Cinquante ans de hausse de la participation des femmes, des minorités et des défavorisés ont été effacés en un clin d’œil. Et ces chiffres vont s’aggraver. L’U.S. Bureau of Labor Statistics (BLS – Bureau des statistiques du travail), qui calcule à la fois le taux de chômage et le taux de participation à la main-d’œuvre, a reconnu qu’il ne pouvait suivre le flot soudain des inscriptions au chômage, ni ses propres enquêtes auprès des ménages, afin de calculer les taux de base.

Au moins, il est honnête. Il a averti les analystes qu’il fallait s’attendre à une révision majeure des données en juin et juillet, lorsqu’il aura commencé à rattraper son retard. Nous savons déjà que ces révisions impliqueront des taux de chômage encore plus élevés et un taux de participation à la main-d’œuvre encore plus bas.

Ce sont deux mauvaises nouvelles pour la croissance économique américaine.

Comment cela va-t-il affecter le PIB ?

Voici une manière simple de l’envisager : prenez simplement le nombre de personnes qui travaillent et mesurez la productivité moyenne des travailleurs. C’est tout. Combien de personnes travaillent-elles, et quelle est leur productivité ? C’est tout ce qu’il faut savoir, en réalité.

La productivité ne varie pas beaucoup dans une économie arrivée à maturité, mais elle peut changer. Ces derniers temps, la productivité a baissé légèrement pour des raisons que les économistes ne comprennent pas totalement.

C’est peut-être lié au vieillissement de la population ou au fait que nous utilisons énormément de technologies qui font perdre du temps au lieu d’aider réellement le travail. C’est l’une des raisons pour lesquelles la croissance a été lente, au cours des 10 ans précédant la pandémie.

Par conséquent, le véritable moteur de croissance (s’il y en a un) est la dimension de la main-d’œuvre. Voilà ce que mesure la participation à la main-d’œuvre. Une fois que vous quittez la main-d’œuvre (peu importe le motif), votre productivité tombe à zéro car vous ne travaillez pas.

La baisse brutale de la participation à la main-d’œuvre, de 2007 à 2010, coïncide avec la perte de rendement provoquée par la crise financière mondiale et la récession. Le taux de participation à la main-d’œuvre a légèrement rebondi de 2010 à 2019, ce qui est cohérent avec une croissance régulière, même si elle a été peu spectaculaire.

A présent, la participation à la main-d’œuvre s’est effondrée. Les données publiées sont en décalage avec la réalité. Le taux de participation à la main-d’œuvre va probablement encore chuter à 55%, voire plus bas.
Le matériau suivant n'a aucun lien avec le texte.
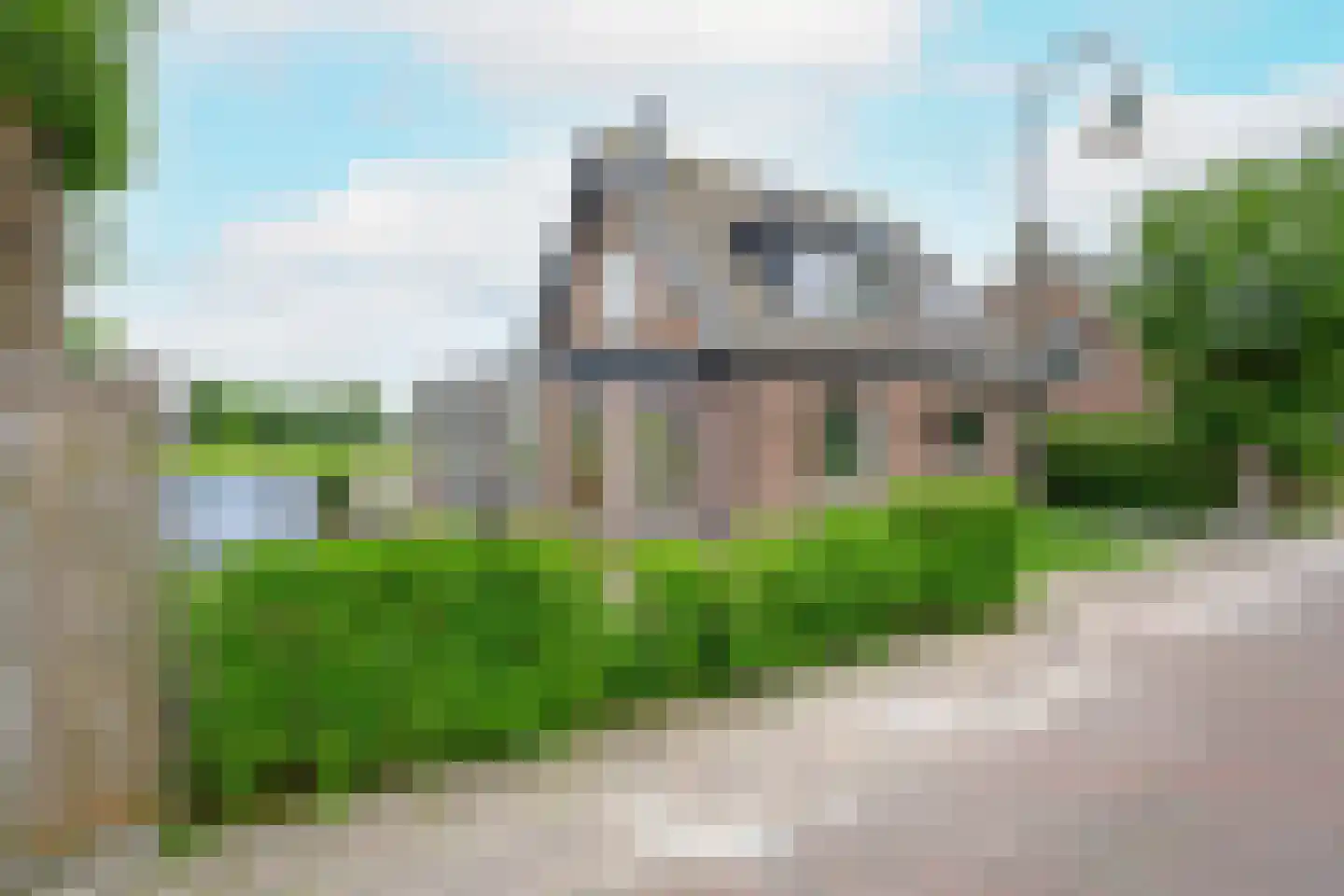 Zuideinde 56 Grootschermer thumbnail 32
C’est en partie parce que certains de ces « chômeurs » décideront qu’ils sont à la retraite ou ne pourront décrocher un emploi, ou quitteront simplement la main-d’œuvre.

Ces pertes ne seront pas temporaires, contrairement au chômage qui peut l’être parfois. Elles seront permanentes, à mesure que les compétences, les réseaux sociaux et les références se tariront. C’est catastrophique.

Cela signifie que même lorsque les entreprises rouvriront, et que certains chômeurs retrouveront leur emploi, beaucoup d’autres ne reviendront jamais au sein de la main-d’œuvre. Le rendement sera définitivement altéré, même si la productivité augmente un peu.

La chute du taux de participation à la main-d’œuvre a été vertigineuse. Par conséquent, l’économie est « sous l’eau », et le rendement pourrait rester submergé pendant des décennies.